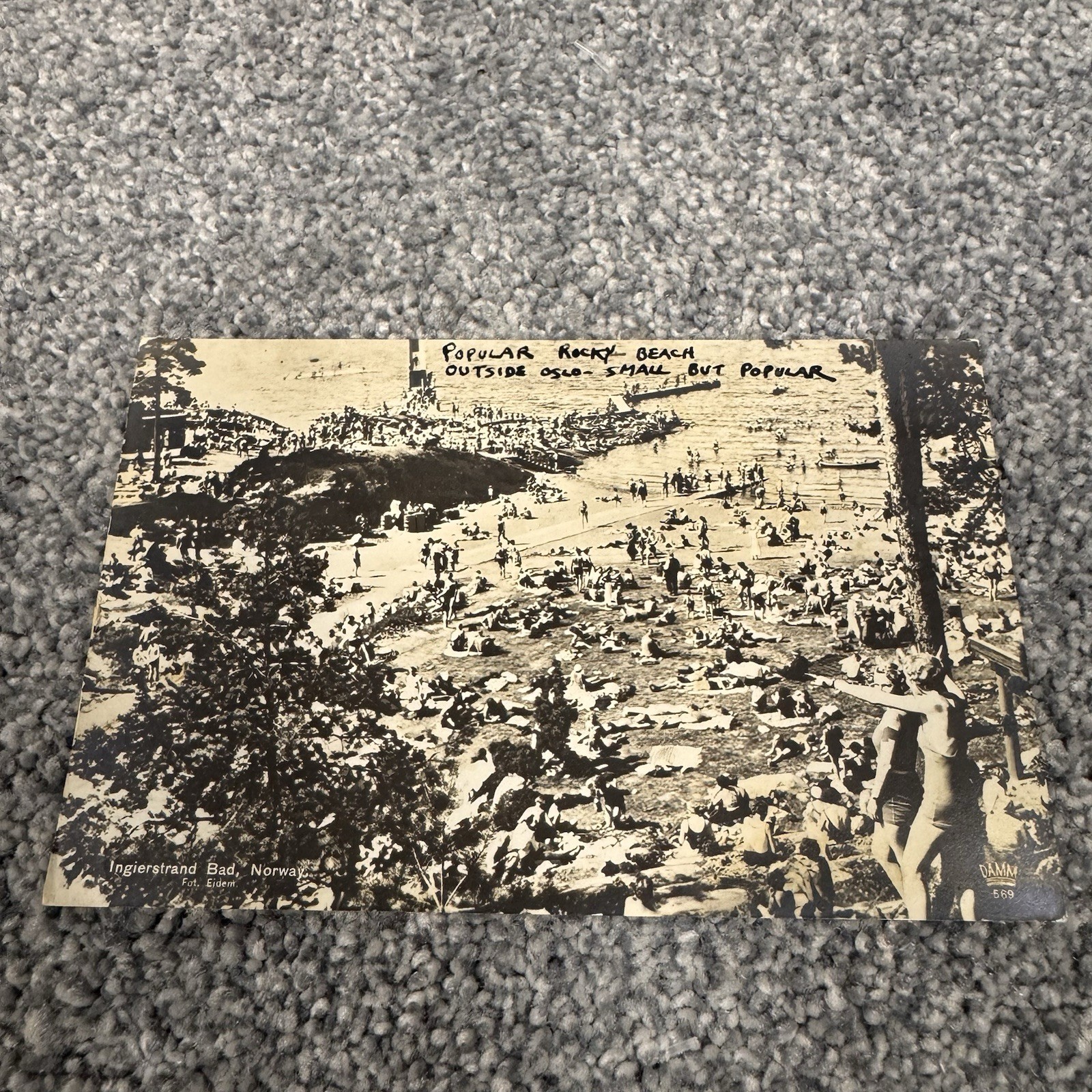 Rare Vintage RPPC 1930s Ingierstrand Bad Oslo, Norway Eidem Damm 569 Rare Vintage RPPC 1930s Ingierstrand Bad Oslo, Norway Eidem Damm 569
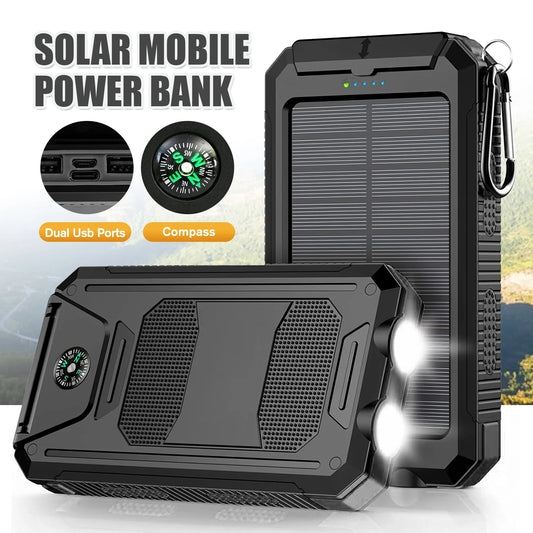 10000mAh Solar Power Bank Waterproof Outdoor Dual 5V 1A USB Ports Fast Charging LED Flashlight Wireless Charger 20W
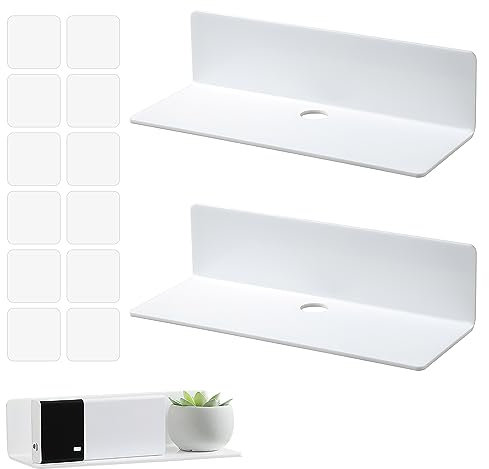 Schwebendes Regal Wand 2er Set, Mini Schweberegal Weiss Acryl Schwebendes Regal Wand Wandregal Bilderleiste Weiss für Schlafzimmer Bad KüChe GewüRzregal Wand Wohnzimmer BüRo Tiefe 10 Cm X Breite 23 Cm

** What you will do **
When copying the listing, skip the pictures and keep each line exactly as written.

** Solution for this exercise **
 Rare Vintage RPPC 1930s Ingierstrand Bad Oslo, Norway Eidem Damm 569 Rare Vintage RPPC 1930s Ingierstrand Bad Oslo, Norway Eidem Damm 569
 10000mAh Solar Power Bank Waterproof Outdoor Dual 5V 1A USB Ports Fast Charging LED Flashlight Wireless Charger 20W
 Schwebendes Regal Wand 2er Set, Mini Schweberegal Weiss Acryl Schwebendes Regal Wand Wandregal Bilderleiste Weiss für Schlafzimmer Bad KüChe GewüRzregal Wand Wohnzimmer BüRo Tiefe 10 Cm X Breite 23 Cm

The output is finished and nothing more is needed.